Almost 10 years ago, our country was coping with a series of corporate accountability crises in the wake of Enron, World Com and other breakdowns in organizational governance. Widespread public outcry led to responses through our legal system and in Congress. There were hundreds of lawsuits in an effort to retrieve squandered funds, and lawmakers responded by passing the Sarbanes-Oxley act. The time for New Mexico to pass similar legislation is now.

Currently, a similar crisis faces state pension and investment funds across the country and here in New Mexico. Our State Investment Council (SIC) has been drained by scandal costing over $5 million in legal fees. State funds finished 2009 in the very bottom one percent of performance nationwide, down a whopping $2 billion. Like those affected by Enron, our citizens and state should press legal actions to get our money back. We must also address the state investment fund’s inherent structural flaws much like Congress did with Sarbanes-Oxley to prevent further deterioration of investor confidence and improve performance.

A central tenant of good governance is to have any board of directors be as diverse in experience as possible. Much attention has been given to ideas directed at diluting the governor’s influence on our SIC. This idea is warranted, but it’s only the tip of the iceberg. Our state has numerous structural conflicts of interest built into statute.

In January, an independent review of New Mexico fund governance reported 40-plus recommendations for structural change issued to the governor and Legislature. The report noted that the State Investment Officer (SIO) has sole control of decision making during the SIC, while the state investment board acts, in reality, as an “advisory” board. Herein lays the root cause of systematic conflicts of interest built into the statutes for our state investment funds.

Right now, all contractor agreements, including financial advisors and legal counsel – which amount to about 85 percent (out of $35 million) of the SIC budget – is at the sole discretion of one person, the SIO. The SIO also has a seat on the SIC so that if they (voluntarily) decide to bring an issue to the SIC, they get to vote on the same issue they are recommending. This structure creates potential for serious conflicts of interest. Considering our state funds manage $30 billion-plus dollars, it is crucial that we build into law real accountability and transparency in our state funds.

Further, our investment fund boards lack basic qualification requirements. In Senate hearings we have heard testimony from top state fund officials who state that their board “recently learned how to read a prospectus,” and “have E*TRADE accounts,” and “used to work at local bank,” as examples of “expertise.” In the professional investment world, these kinds of statements show an embarrassing lack of understanding.

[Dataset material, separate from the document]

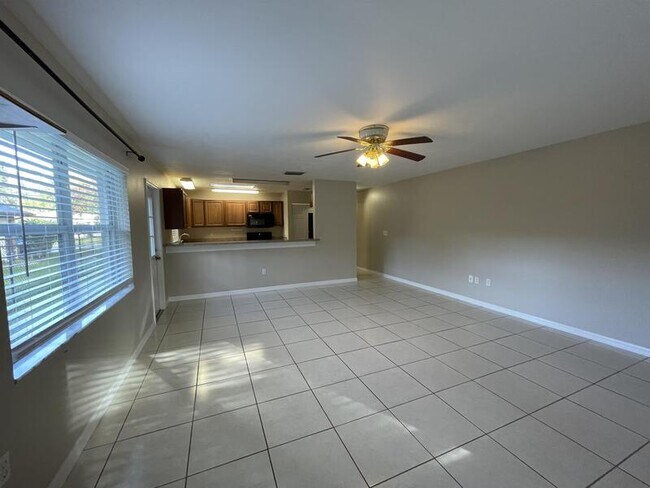 Building Photo - 5 Braddock Ln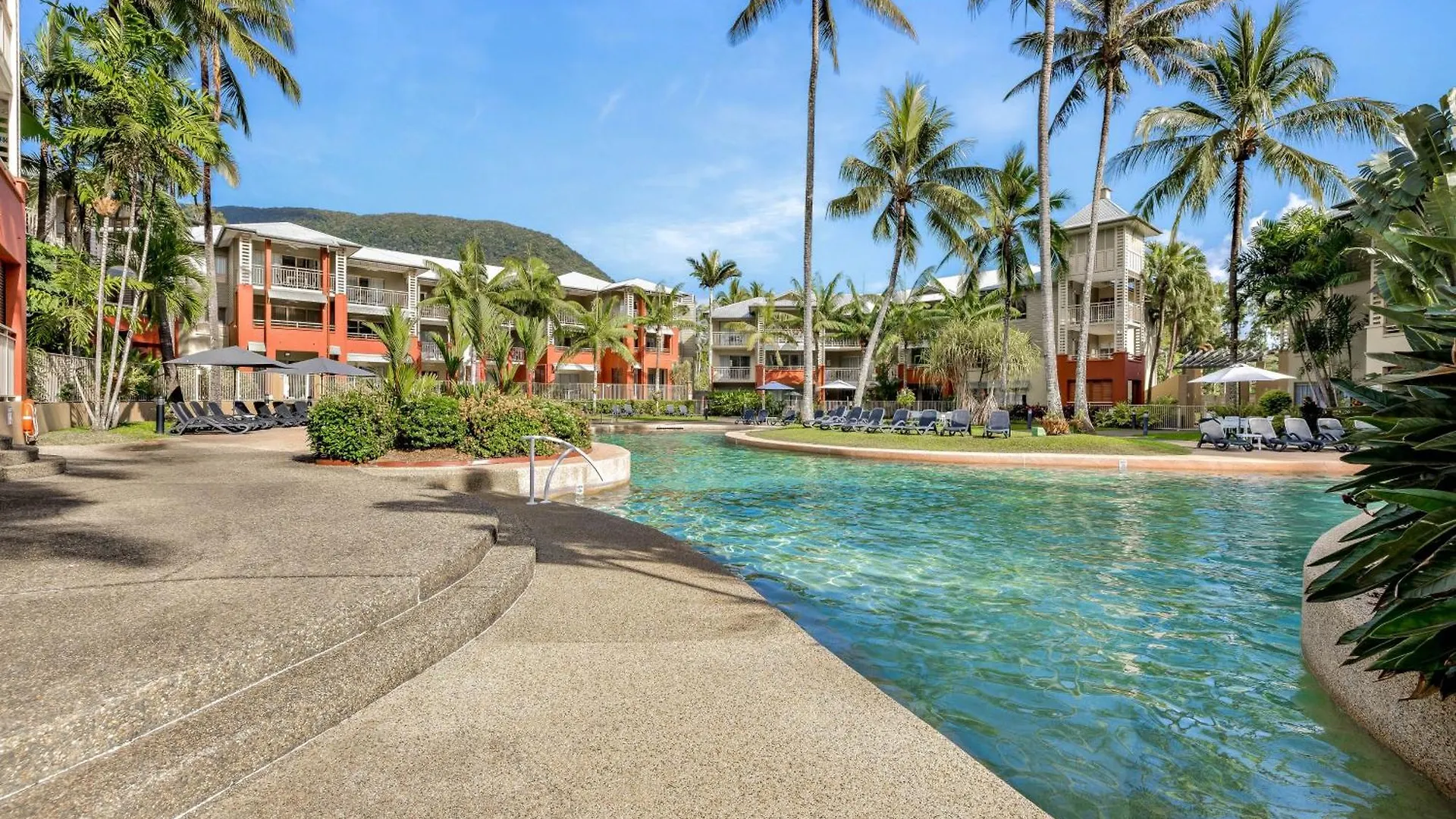 Hotel Mantra Amphora Palm Cove Resort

Successful modern investing translates into a keen understanding of “alternative investments.” These are not traditional stocks and bonds; they are private equity, venture capital, derivatives, hedge funds and commercial backed mortgage securities, etc. In the private sector, individuals are not permitted to invest in most of these unless they are “qualified investors” or have various certifications, yet we allow our state funds to be invested in them by a board that has almost zero experience in these areas. Faced with the choices of not investing in these types of assets or hiring the requisite talent in-house, we rely on almost 40 different advisors to make decisions for us.

Lastly, basic governance concepts such as quorum rules, transparency rules, vice chairman requirements, attendance requirements, designee rules and fiduciary requirements are all virtually non-existent in our state laws.

Legislation, which is now making its way through the state Senate, includes many provisions to specifically address these glaring weaknesses. These changes are imperative in order to ensure best practices in investment bodies. In doing so, this will improve and protect objectivity and independence in investments, foster greater public confidence, establish structural and institutional confidence and promote honest and ethical conduct.

Our state funds, in addition to tax revenue, are the basis for our annual budget and are the $30 billion endowment for our state’s educational services. I hope New Mexico can lead the way in passing comprehensive investment fund reform, the first of what will likely follow in other states facing similar crises.


Senator Tim Keller, D-Alb., spent many years working in private equity, investment banking and corporate governance and is the sponsor of SB 18 for comprehensive investment fund reform.